- **WORK TASK**: Report all lines in the records that hold the string "blue".

- **DATA PROVIDED**:
-- Opening Marker --
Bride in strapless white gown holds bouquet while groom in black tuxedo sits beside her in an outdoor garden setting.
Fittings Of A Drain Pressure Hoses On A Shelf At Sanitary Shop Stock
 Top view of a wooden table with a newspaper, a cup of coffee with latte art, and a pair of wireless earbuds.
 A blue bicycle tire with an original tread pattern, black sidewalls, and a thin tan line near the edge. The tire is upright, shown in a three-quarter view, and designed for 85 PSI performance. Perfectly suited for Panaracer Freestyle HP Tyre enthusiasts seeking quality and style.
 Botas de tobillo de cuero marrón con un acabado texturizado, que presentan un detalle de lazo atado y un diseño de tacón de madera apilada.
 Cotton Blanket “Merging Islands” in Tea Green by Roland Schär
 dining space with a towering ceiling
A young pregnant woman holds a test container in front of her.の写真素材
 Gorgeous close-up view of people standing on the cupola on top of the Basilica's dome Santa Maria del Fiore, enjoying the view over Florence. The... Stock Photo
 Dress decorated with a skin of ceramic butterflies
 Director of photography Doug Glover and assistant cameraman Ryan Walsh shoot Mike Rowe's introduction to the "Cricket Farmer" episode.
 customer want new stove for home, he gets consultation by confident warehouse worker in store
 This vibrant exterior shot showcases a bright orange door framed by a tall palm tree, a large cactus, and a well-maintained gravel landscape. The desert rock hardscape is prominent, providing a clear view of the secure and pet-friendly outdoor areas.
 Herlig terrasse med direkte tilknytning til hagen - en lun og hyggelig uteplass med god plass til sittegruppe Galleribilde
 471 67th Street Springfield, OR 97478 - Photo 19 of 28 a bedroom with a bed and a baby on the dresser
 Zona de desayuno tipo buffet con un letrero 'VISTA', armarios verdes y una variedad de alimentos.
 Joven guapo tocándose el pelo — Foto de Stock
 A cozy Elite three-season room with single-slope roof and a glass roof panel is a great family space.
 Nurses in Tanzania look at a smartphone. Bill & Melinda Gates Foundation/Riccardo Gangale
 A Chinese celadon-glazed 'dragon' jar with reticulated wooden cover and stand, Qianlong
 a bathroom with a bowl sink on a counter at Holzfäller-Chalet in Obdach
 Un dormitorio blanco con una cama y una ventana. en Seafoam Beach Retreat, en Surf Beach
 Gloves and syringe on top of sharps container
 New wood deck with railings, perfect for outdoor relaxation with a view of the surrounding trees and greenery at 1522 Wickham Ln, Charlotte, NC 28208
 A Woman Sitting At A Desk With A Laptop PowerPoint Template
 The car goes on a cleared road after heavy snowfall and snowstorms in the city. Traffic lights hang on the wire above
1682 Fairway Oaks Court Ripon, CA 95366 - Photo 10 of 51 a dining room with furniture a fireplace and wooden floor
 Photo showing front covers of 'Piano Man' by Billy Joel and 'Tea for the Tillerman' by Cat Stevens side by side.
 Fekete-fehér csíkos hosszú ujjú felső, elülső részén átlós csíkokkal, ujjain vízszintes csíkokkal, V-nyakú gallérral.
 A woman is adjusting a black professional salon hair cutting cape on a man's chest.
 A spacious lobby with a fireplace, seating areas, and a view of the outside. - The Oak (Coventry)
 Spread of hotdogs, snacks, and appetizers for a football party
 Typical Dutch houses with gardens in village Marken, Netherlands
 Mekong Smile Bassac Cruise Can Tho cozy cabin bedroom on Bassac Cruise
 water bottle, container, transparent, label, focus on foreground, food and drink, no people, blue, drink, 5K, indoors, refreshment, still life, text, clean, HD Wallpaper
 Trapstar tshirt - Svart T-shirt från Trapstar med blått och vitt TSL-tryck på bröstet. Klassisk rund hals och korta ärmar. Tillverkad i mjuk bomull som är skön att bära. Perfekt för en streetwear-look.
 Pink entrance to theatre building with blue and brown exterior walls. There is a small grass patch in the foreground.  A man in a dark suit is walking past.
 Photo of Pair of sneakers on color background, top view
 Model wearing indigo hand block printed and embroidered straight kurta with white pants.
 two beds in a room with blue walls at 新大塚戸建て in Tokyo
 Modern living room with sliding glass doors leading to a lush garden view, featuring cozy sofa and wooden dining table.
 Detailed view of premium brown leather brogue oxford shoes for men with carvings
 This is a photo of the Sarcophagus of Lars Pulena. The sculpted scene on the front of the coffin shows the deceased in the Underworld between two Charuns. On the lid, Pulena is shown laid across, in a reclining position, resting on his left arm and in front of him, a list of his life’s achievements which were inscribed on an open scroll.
-- Closing Marker --
- **WRITTEN SOLUTION**:
 A blue bicycle tire with an original tread pattern, black sidewalls, and a thin tan line near the edge. The tire is upright, shown in a three-quarter view, and designed for 85 PSI performance. Perfectly suited for Panaracer Freestyle HP Tyre enthusiasts seeking quality and style.
 water bottle, container, transparent, label, focus on foreground, food and drink, no people, blue, drink, 5K, indoors, refreshment, still life, text, clean, HD Wallpaper
 Pink entrance to theatre building with blue and brown exterior walls. There is a small grass patch in the foreground.  A man in a dark suit is walking past.
 two beds in a room with blue walls at 新大塚戸建て in Tokyo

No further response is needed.